Knowing Jeremy and his family, I also want to congratulate them because it is with them and their support that athletes like him succeed.

I ask my colleagues in the House of Commons to join us in congratulating this young Canadian on winning Canada's first silver medal at the 1998 Nagano Olympics.




Mr. Preston Manning (Leader of the Opposition, Ref.): Mr. Speaker, the finance department publishes a monthly newsletter called the Fiscal Monitor. It is full of statistics, including updates on the deficit.

According to the January 28 edition of this newsletter the government has a public accounts surplus of $1.4 billion and a financial surplus of $11.3 billion. Yet in today's newspapers finance department spin doctors are estimating a year end deficit of $2 billion.

What is the finance minister's explanation of the disappearing surplus?

Hon. Paul Martin (Minister of Finance, Lib.): Mr. Speaker, at budget time I will be delighted to report on the state of the government's accounts.

The Fiscal Monitor to which the hon. member refers shows a strengthening in the Canadian financial balance sheet.
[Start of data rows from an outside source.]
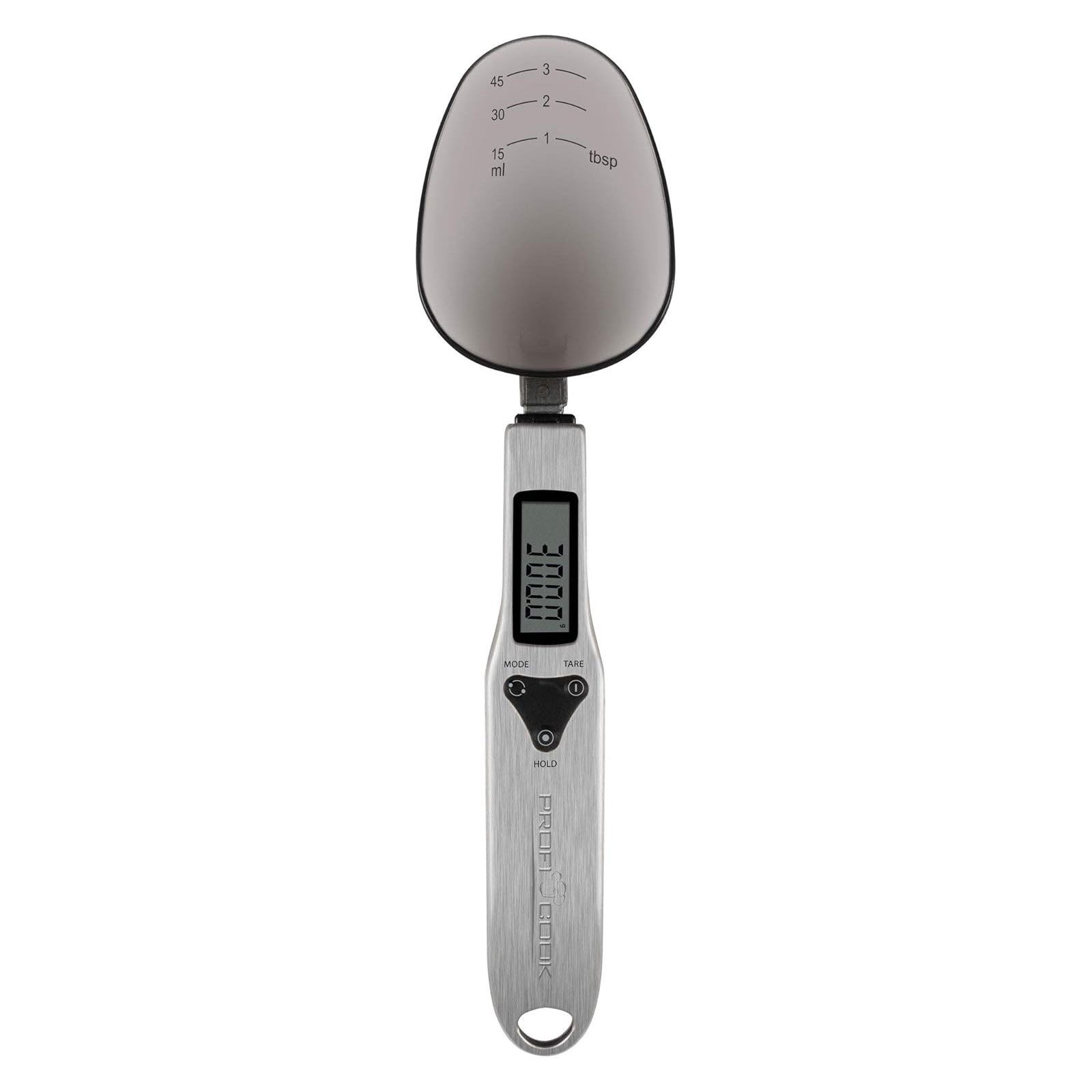 ProfiCook Küchenwaage PC-LW 1214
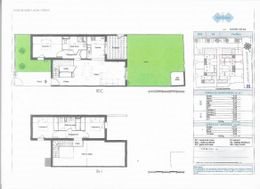 Maison à louer, 94m², Idron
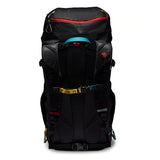 Mountain Hardwear - Scrambler 25 Backpack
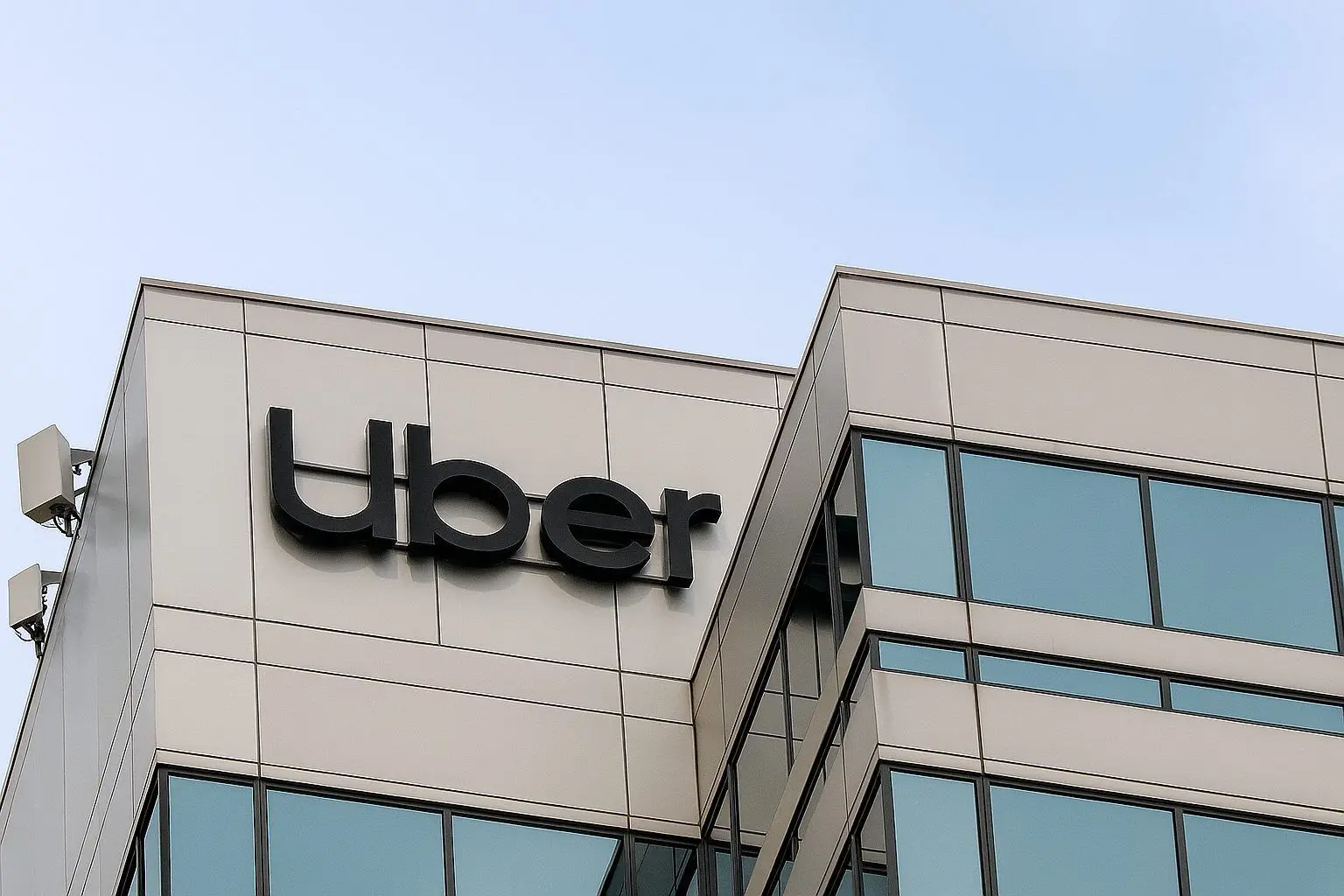 Uber Stock (UBER) Outlook: Fresh News, Analyst Forecasts, and the Week-Ahead Setup — Updated Dec. 12, 2025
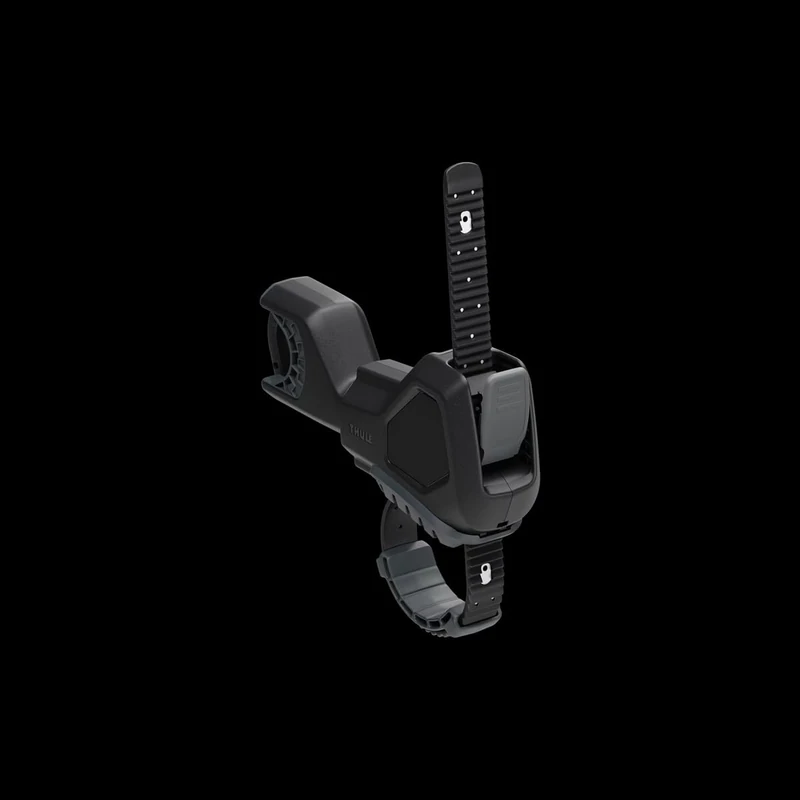 Bike Arm 122 mm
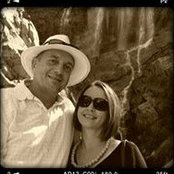 Kobus Badenhorst's photo
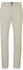 Hugo Boss Chino_tapered (50510917)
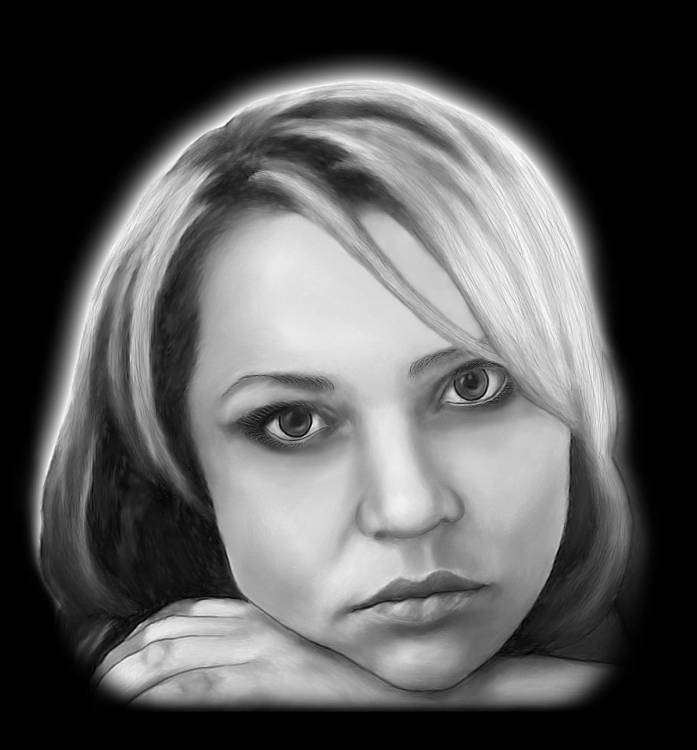 post-11234-0-24888000-1429812097_thumb.j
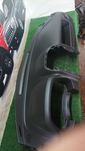 Jeep Patriot 11-17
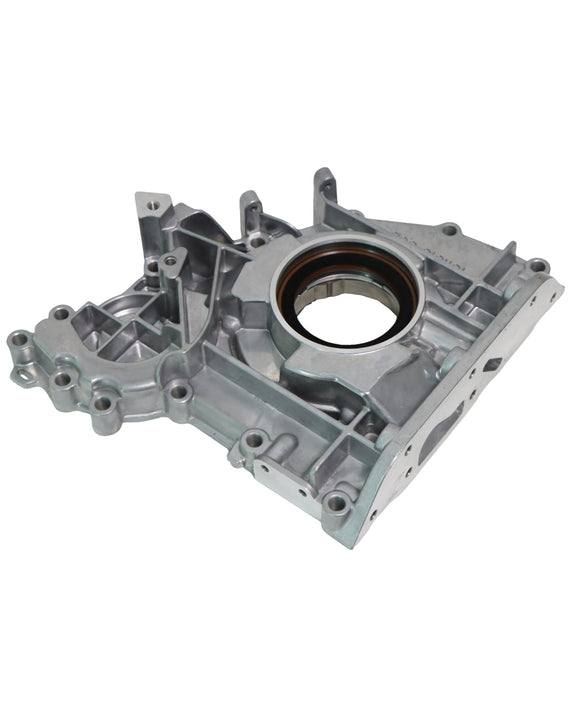 Bomba de óleo 23170999 para motor Volvo D6D D6E D6H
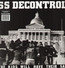 The Kids Will Have Their Say - SS Decontrol The Kids Will Have Their Say - SS Decontrol
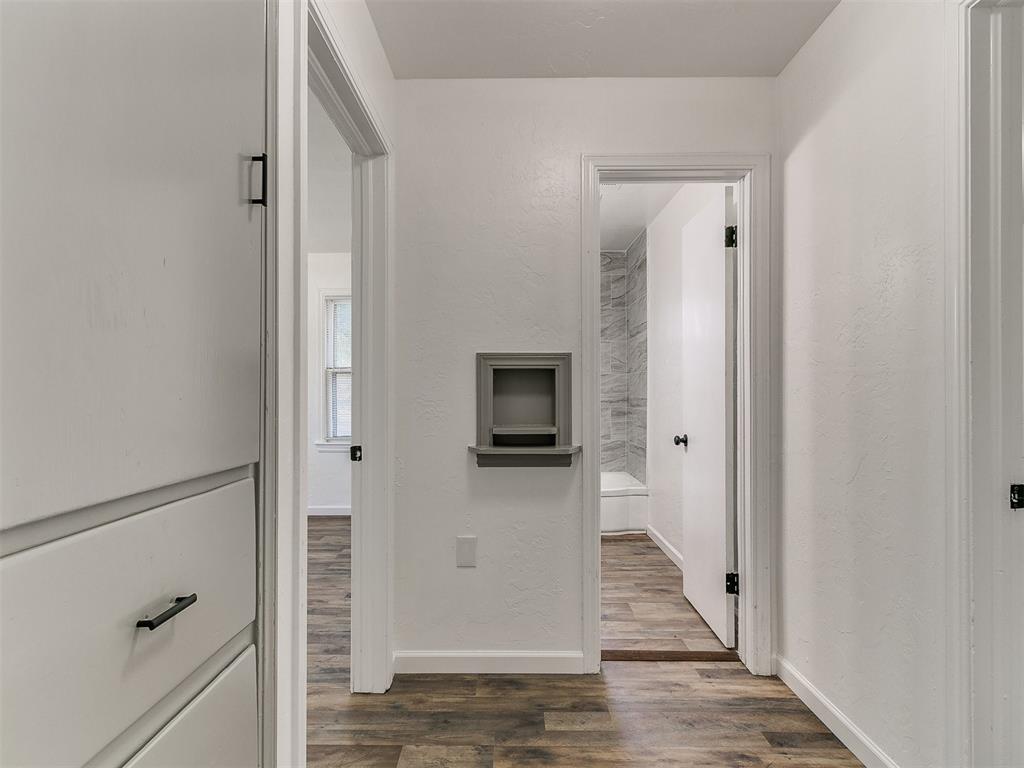 1809 Ina Mae Avenue Property Photo 16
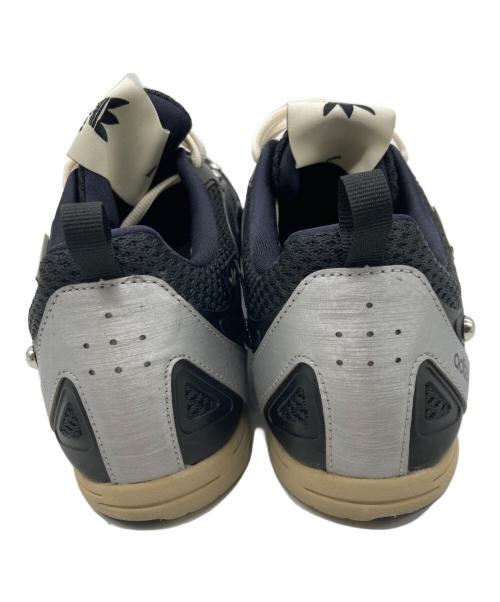 adidas（アディダス）adidas (アディダス) Song for the Mute (ソングフォーザミュート) Adizero PR ブラック サイズ:29cmの古着・服飾アイテム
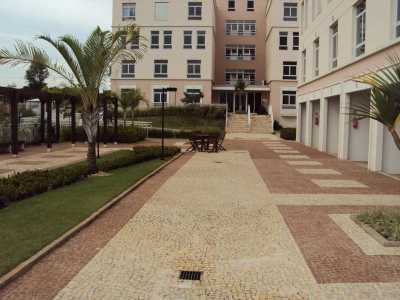 Commercial Building For Sale in Sumare, Brazil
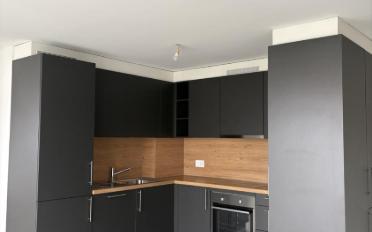 Apartment 2.5 rooms - image - 3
This is certainly due to the efforts of Canadians and I must say to the efforts of my colleagues in government.

Mr. Preston Manning (Leader of the Opposition, Ref.): Mr. Speaker, what Canadians understand from this publication and elsewhere is that the minister has a lot of their money and they want it back in the form of tax relief.

According to the Fiscal Monitor the government has a surplus mainly because it is taxing the hide out of Canadians.

Who is the finance minister trying to hide the surplus from: from his spendaholic friends in cabinet or from hard-pressed Canadian taxpayers?

Hon. Paul Martin (Minister of Finance, Lib.): Mr. Speaker, it is hard to understand how the Leader of the Opposition could refer to somebody trying to hide a surplus when what he is doing is quoting from a Department of Finance document, the source of his numbers.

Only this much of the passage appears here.